Over the years, I have been very fortunate in the many valuable comments I have received on parts of the book, and on earlier versions of the arguments. I am sure I have forgotten some of the people who have helped me, and to them I offer both apologies and thanks. Those I particularly remember include Jonathan Dancy, Nicholas Denyer, Peter Hammond, Sally Haslanger, Susan Hurley, Daniel Hausman, Donald Hubin, Richard Jeffrey, Douglas MacLean, Amartya Sen, John Skorupski, and Brian Skyrms. My thanks to all of them. I want to express my especial gratitude to John Harsanyi, Shelly Kagan, James Mirrlees, Adam Morton, Derek Parfit and Larry Temkin for the exceptionally helpful and detailed comments I received from them on sections of the book.

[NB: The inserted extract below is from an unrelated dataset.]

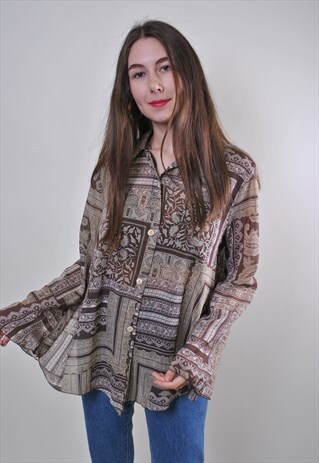80S WOMAN ABSTRACT PRINT VINTAGE BROWN BLOUSE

Besides all these, Duncan Foley, Alan Hamlin, Frank Jackson, Philip Pettit and Paul Seabright were all generous enough to read drafts of the entire book. I am sure the finished product has benefited greatly from their excellent advice. I am very grateful to them.

Parts of Chapter 1 also appear in my contribution to Foundations of Decision Theory: Issues and Advances, edited by Michael Bacharach and Susan Hurley and published by Blackwell in 1991. Parts of Chapter 11 also appear in my contribution to Interpersonal Comparisons of Well-Being, edited by Jon Elster and John Roemer and published by Cambridge University Press in 1991.

I should also like to acknowledge the help of WordPerfect UK.